* Task instructions *
Once you reach the line containing "Studded Racerback Maxi Dress Black" in the data below, restate each line word for word up to and including the one containing "Topographic Map of".
::: Task input :::
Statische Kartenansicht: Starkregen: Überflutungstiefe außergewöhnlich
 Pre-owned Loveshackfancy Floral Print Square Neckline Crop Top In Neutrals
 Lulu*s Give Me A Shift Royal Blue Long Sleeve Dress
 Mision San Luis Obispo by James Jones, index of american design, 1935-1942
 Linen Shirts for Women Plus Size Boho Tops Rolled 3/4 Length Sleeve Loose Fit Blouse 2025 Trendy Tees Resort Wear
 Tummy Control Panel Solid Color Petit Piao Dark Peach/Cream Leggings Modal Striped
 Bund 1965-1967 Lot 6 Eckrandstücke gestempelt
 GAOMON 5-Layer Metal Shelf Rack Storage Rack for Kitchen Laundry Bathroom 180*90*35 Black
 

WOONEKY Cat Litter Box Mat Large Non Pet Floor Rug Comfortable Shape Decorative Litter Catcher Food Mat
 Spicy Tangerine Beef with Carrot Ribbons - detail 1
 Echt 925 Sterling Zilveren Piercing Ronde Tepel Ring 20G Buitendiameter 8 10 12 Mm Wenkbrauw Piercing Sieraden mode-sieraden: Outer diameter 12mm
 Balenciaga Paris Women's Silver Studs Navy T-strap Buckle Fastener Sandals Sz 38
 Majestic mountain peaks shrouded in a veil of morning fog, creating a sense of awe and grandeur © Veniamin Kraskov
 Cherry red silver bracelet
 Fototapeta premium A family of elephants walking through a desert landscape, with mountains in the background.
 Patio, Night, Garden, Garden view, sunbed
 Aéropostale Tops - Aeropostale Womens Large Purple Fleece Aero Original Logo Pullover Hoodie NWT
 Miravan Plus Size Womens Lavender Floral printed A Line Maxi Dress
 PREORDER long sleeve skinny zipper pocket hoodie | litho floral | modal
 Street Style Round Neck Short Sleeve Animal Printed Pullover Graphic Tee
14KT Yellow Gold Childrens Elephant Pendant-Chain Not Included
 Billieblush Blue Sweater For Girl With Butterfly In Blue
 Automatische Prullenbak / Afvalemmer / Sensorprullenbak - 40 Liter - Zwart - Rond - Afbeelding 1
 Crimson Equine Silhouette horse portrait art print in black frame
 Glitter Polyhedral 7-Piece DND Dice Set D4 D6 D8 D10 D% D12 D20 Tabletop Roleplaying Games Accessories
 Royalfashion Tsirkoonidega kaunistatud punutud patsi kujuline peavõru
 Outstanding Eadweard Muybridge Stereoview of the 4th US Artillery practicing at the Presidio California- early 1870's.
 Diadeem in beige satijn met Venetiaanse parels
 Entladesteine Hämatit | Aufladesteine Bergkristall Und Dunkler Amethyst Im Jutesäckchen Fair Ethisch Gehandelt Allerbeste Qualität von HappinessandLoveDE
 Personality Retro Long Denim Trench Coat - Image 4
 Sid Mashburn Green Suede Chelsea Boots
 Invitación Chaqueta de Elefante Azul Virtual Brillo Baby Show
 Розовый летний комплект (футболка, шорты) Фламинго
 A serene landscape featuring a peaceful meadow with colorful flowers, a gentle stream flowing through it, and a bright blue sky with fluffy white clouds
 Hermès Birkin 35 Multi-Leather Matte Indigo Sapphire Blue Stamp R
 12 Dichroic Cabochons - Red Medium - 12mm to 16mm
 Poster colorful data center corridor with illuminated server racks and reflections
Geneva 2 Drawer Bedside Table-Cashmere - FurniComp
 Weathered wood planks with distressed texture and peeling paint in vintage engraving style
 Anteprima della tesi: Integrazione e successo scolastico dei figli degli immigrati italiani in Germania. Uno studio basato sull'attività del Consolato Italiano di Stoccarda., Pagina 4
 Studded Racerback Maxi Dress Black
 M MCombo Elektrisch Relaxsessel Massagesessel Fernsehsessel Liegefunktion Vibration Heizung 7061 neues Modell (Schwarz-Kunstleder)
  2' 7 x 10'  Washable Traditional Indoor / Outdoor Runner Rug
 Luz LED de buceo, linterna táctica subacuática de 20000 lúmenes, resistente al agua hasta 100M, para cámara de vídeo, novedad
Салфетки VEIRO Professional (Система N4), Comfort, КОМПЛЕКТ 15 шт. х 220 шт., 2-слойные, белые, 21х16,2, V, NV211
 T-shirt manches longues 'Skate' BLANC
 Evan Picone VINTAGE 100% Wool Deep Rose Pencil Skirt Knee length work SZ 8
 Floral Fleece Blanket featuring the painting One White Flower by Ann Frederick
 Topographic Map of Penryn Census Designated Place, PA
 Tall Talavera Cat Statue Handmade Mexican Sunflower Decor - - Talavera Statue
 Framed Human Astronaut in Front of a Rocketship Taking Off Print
:::
* Exercise result *
 Studded Racerback Maxi Dress Black
 M MCombo Elektrisch Relaxsessel Massagesessel Fernsehsessel Liegefunktion Vibration Heizung 7061 neues Modell (Schwarz-Kunstleder)
  2' 7 x 10'  Washable Traditional Indoor / Outdoor Runner Rug
 Luz LED de buceo, linterna táctica subacuática de 20000 lúmenes, resistente al agua hasta 100M, para cámara de vídeo, novedad
Салфетки VEIRO Professional (Система N4), Comfort, КОМПЛЕКТ 15 шт. х 220 шт., 2-слойные, белые, 21х16,2, V, NV211
 T-shirt manches longues 'Skate' BLANC
 Evan Picone VINTAGE 100% Wool Deep Rose Pencil Skirt Knee length work SZ 8
 Floral Fleece Blanket featuring the painting One White Flower by Ann Frederick
 Topographic Map of Penryn Census Designated Place, PA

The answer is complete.